Of all the entries below, only the lines from the one with "Detail of cream" up to and including the one with "Joyful white adult" are to be duplicated exactly.

### RECORDS TO USE
=== Begin Enclosure ===
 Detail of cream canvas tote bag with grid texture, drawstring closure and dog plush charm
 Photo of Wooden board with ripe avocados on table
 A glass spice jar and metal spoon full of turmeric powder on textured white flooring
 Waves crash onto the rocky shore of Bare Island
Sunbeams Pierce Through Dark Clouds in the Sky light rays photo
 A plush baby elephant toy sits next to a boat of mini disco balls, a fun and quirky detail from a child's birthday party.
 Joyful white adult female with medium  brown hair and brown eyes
=== End Enclosure ===
=== Begin Enclosure ===
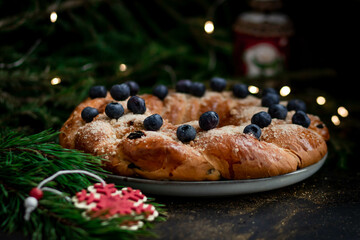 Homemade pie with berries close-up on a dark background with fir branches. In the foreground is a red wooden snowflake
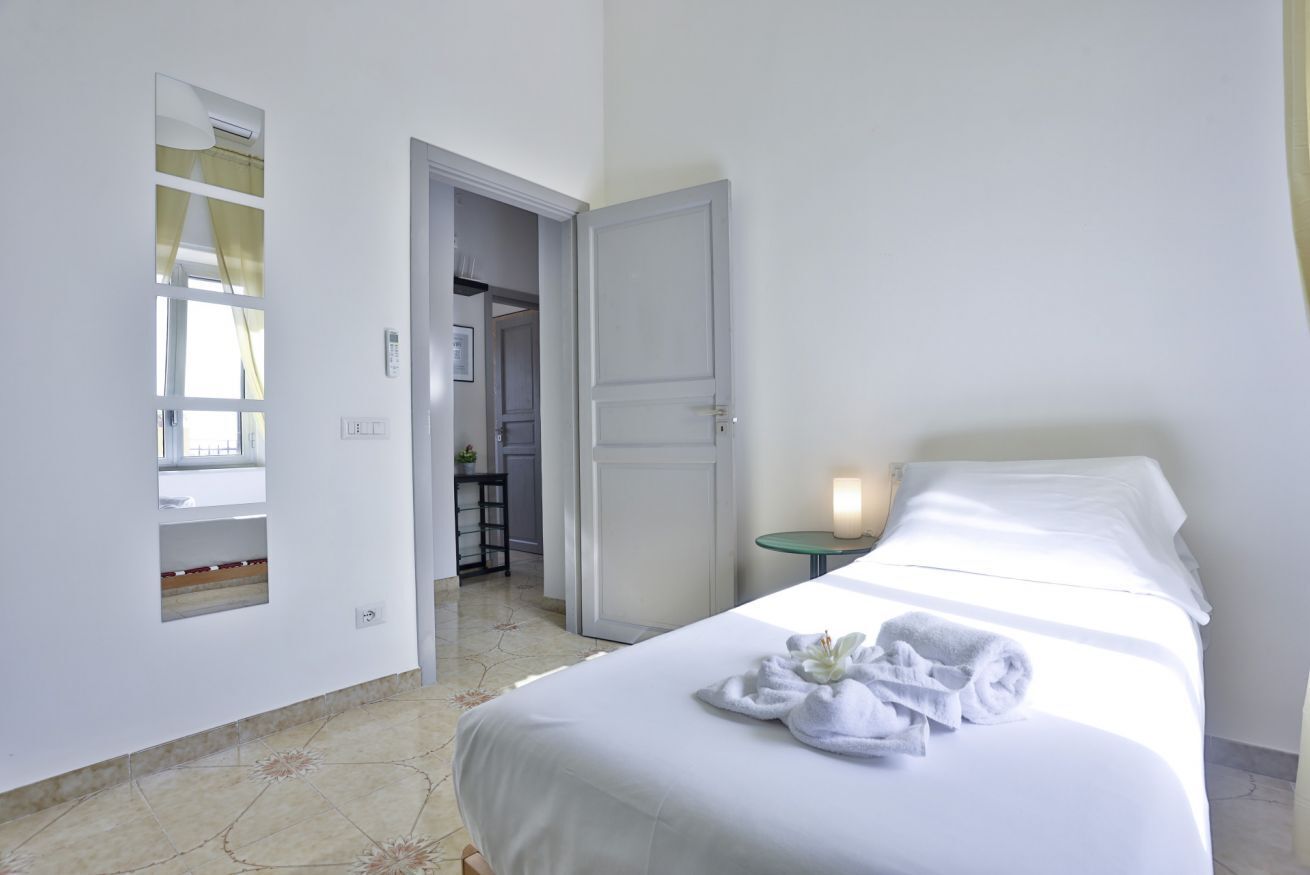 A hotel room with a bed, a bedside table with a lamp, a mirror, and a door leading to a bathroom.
=== End Enclosure ===
### RESPONSE TO THE EXERCISE
 Detail of cream canvas tote bag with grid texture, drawstring closure and dog plush charm
 Photo of Wooden board with ripe avocados on table
 A glass spice jar and metal spoon full of turmeric powder on textured white flooring
 Waves crash onto the rocky shore of Bare Island
Sunbeams Pierce Through Dark Clouds in the Sky light rays photo
 A plush baby elephant toy sits next to a boat of mini disco balls, a fun and quirky detail from a child's birthday party.
 Joyful white adult female with medium  brown hair and brown eyes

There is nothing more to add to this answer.